First, I’ve been watching videos from Lang.NET and DSL DevCon, so I’m in language-mode. It occurred to me that (domain specific) languages seem difficult to test using traditional unit tests: after all, the usage possibilities are far greater for a language than for, say, a typical user interface (maybe this means that typical user interfaces suck - you decide). The word “combinator library”, which are internal DSLs avant la lettre, says it all: the usage possibilities are combinatorial. Classic, example based unit testing thus becomes combinatorially expensive as well.

Second, I’ve been saying in the last release announcement of FsCheck that I wanted to write some FsChecks for FsCheck itself. So far, this effort is about 60% complete. As a sort of challenge, I want to check as much as possible from FsCheck without any traditional example-based unit testing – in other words, I want to test FsCheck using only FsCheck (and maybe some Pex and Code Contracts later on).

FsCheck itself consists of basically two internal DSLs: one for constructing random value generators for whatever value it is your tests need, and one for constructing properties: basically assertions augmented with property combinators for adding labels, classifying generated values and such. It’s the latter DSL that I’m going to test, and draw some general conclusions that may apply to testing other DSLs or even general purpose languages as well.

To see what we’re dealing with, here’s an example of using the property DSL:

let prop_InsertCombined (x:int) xs = 
    ordered xs ==> (ordered (insert x xs))
        |> classify (ordered (x::xs)) "at-head"
        |> classify (ordered (xs @ [x])) "at-tail"
        |> collect (List.length xs)
quickCheck prop_InsertCombined

This property asserts that the insert function maintains the invariant that the list is ordered. The classify and collect property combinators are used to gather some information about the generated data. So in this test, there are three property combinators at work: implies (==>), classify and collect. Also, the arguments to the property (x and xs) are implicitly universally quantified using the forAll property combinator. These and more combinators in FsCheck can be combined an arbitrary ways, so testing this using example-based testing can be quite tedious. Can FsCheck do better?
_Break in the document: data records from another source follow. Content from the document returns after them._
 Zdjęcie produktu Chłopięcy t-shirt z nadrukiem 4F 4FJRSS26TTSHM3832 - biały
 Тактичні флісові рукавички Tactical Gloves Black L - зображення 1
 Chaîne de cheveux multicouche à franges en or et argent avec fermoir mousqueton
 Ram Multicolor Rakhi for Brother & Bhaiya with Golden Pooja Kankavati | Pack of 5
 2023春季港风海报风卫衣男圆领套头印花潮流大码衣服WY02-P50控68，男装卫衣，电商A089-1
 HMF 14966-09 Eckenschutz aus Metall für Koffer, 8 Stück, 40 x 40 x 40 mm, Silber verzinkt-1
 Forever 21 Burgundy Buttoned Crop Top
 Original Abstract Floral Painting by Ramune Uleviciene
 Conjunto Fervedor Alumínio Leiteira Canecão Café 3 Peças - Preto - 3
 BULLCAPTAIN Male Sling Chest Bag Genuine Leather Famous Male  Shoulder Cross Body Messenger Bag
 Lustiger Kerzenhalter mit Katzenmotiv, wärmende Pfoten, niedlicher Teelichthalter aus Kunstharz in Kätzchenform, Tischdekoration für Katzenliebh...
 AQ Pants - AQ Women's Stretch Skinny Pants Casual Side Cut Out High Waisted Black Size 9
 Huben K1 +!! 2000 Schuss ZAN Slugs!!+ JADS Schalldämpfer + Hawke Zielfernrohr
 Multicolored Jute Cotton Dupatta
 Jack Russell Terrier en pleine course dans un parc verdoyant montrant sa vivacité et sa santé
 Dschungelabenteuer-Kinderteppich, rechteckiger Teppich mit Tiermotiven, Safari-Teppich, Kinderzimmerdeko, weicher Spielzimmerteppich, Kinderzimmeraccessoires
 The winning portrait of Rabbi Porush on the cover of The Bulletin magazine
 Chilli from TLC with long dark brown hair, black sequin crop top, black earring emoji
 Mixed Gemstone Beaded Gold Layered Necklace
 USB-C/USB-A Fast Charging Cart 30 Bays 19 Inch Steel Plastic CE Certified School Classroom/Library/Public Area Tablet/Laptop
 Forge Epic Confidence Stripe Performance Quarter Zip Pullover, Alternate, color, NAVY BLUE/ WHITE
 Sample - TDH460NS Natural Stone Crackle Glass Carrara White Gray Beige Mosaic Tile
The property DSL’s syntax tree

First, we’re going to need to generate an arbitrary property, i.e. an arbitrary combination of property combinators. To do that, I made a symbolic representation of the property language – a sort of abstract syntax tree of the language. It’s no secret that discriminated unions are great for this, and this case is not different:

type SymProp =  | Unit | Bool of bool | Exception
                | ForAll of int * SymProp
                | Implies of bool * SymProp
                | Classify of bool * string * SymProp
                | Collect of int * SymProp

So, a property can consist of, respectively:

A function that returns the unit value;
A function that returns a bool value;
A function that throws an exception;
A function that uses the implies combinator, which needs two arguments: a boolean condition and another property;
A function that classifies the generated values, which needs three arguments: a boolean condition, the name to classify with if the condition is true and another property;
A function that collects values, which takes two arguments: the value to collect, and another property.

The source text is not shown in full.